I've gotten my own hair caught in the dremel too, and (luckily) the dremel stops. It doesn't keep winding like an egg beater. It didn't hurt but sure freaked me out for 1/2 second! I still use clippers (mostly on customers dogs that don't get their nails done once a week). The dremel head can get hot if used on several dogs in a row, so this is something else to keep in mind. 
I teach my little dogs to lie in my lap, on their backs, to get their nails done. The big guy (german shepherd) was taught to lie on his side, but seems happier to stand up. I do one foot at a time, with the paw pointing back (think how a farrier would shoe a horse). For some reason, if the shepherd SEES his nails being done (if I hold the foot straight out), he gets antsy. If he can't see it, it's all good 
One of the most common mistakes I see with nail trimming (no matter what tool) is holding the dogs' foot at an un-natural and uncomfortable angle. I don't pull the foot out and towards me, or back and towards me. Most dogs who "hate" having their nails done only hate having their leg pulled around at an uncomfortable angle, and corgi's (and doxies, for that matter) come to mind with their short legs. A lot of dogs too fight "restraint" (having someone pin them down) or having their foot in a death grip (to hold it still) more than they fight the actual procedure. Someone I know personally is amazed at how good my dogs are for their nails being dremeled, and say their dogs don't behave nearly that well. Their first puppy nail trim was one of the owners holding the puppies paw with a death grip and their spouse pinning them down by their neck  No wonder the (now adult) dog heads for the hills whenever the dremel comes out. I welcome my grooming (customers) dogs to stand, sit, or lie down during nail trimming. A comfortable dog is an easy dog to work with! Occasionally a few dogs just can't handle the dremel, and a helper comes in handy, to either help hold the dog (not manhandle!) or to offer the dog "moral support" (this may sound stupid, but it has come in very handy many times in our salon. Sometimes all they need is an extra person there reassuring good behavior!)
Doberdawns site is excellent. I printed her dremel page out and keep it in my grooming notes. I am the only groomer who dremels nails at our salon, because everyone says I do the best job  I credit doberdawns website for that!


----------



## StephanieT (Apr 25, 2010)

Thanks so much for the welcome. The hair getting caught was indeed very scary. I was using a corded model dremel and I don't really know if it would have stopped or not, as I went into panic mode and jerked the cord out of the wall before it had the chance lol. Good to point out that the dremel gets hot. I never hold it on a nail for more than a second. I've never had it get too hot that way (5 dogs in a row) using the 1/2" mandrel, but be careful with the 1/4" because it gets hot quicker.
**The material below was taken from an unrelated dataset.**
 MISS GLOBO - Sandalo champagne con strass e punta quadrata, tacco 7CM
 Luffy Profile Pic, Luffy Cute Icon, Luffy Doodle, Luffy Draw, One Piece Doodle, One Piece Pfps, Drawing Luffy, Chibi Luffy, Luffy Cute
My dogs are also trained to just lay there and let me do it, but for their comfort and my peace of mind, I have a certain way that I hold/restrain them just to make sure any sudden movements won't cause an accident. It's hard to explain, but I sit on the floor with my back against the wall and my feet on the floor which puts my knees in the air. I lift my legs and have the dog lay on its side with its back against me. I then lay my knees down. Each of my shins are between the dog's front and rear legs. One knee lays on the tail (not purposely thats just how it works) and the other lays on the dog's neck. I do not put pressure on the neck, I just block the head from getting in my way. I hope this makes sense. It works wonderfully on my calm dogs, and when I do my neighbor's (who is insane lol) it works to hold him down if thats what it comes to. My husband also gives the dogs treats and pets their heads while it is being done. I agree with the dogs hating their legs being pulled and such, and I find that none of that is necessary with the way I have them lay. When I finish one side I just have the dog get up and lay back down with its head facing the other direction. Although my Rottie is just too big to fit underneath me like that without smashing me, and he doesn't like to be still when he lays down, so I do his while he stands as well. But he is my only exception because of his size. Like I said before I am not a groomer and don't own any equipment or a table, so this is just how I do it at home. And I agree one hundred percent with using doberdawn as a reference. Without her site I would have never gotten up the courage to start dremeling on my own. I am so glad that there are people here to help everyone now lol.


----------